**WHAT IS BEING ASKED**
Repeat the data that follows in full. Do not include the pictures.

**COLLECTED DATA**
══════════
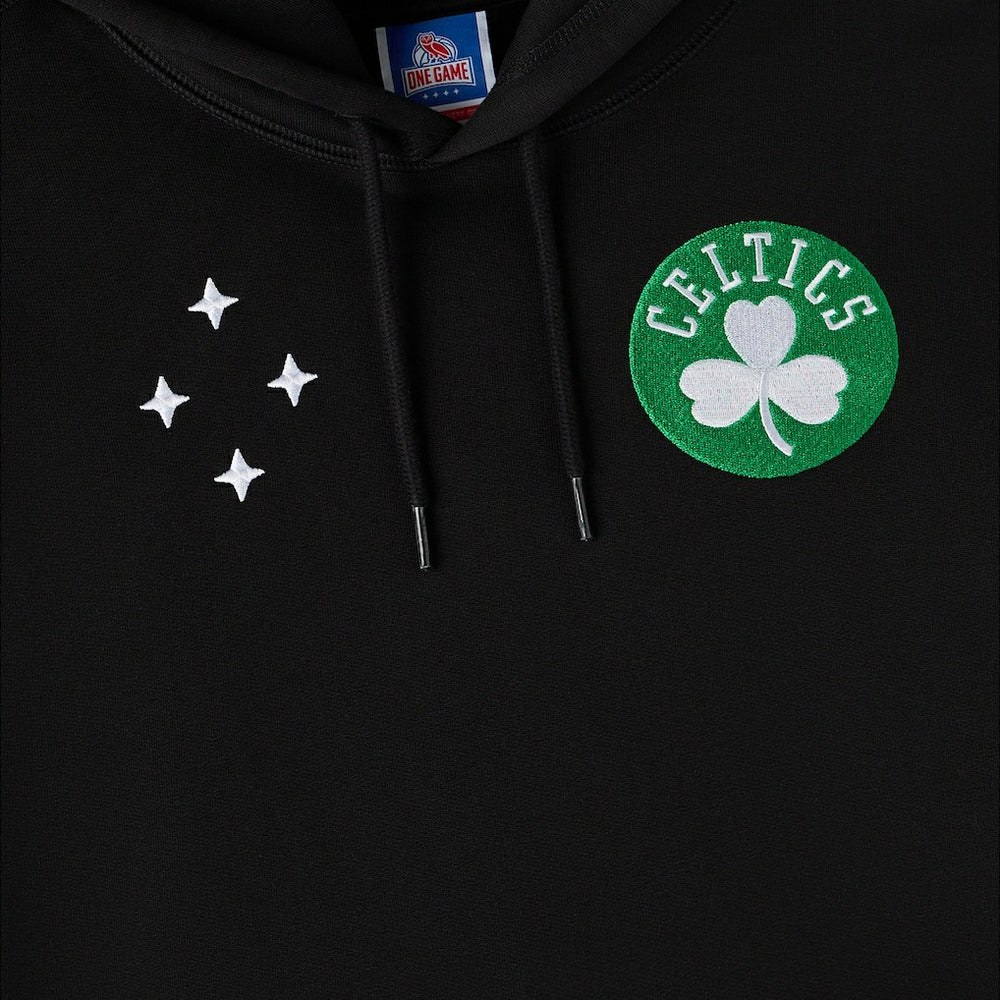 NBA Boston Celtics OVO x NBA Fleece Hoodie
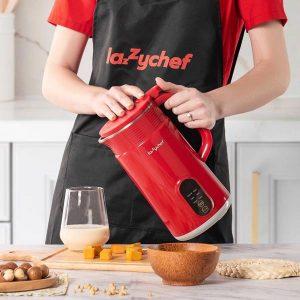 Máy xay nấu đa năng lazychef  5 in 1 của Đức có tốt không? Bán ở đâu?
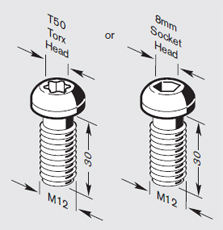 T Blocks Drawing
══════════
**SOLUTION TO THIS EXERCISE**
 NBA Boston Celtics OVO x NBA Fleece Hoodie
 Máy xay nấu đa năng lazychef  5 in 1 của Đức có tốt không? Bán ở đâu?
 T Blocks Drawing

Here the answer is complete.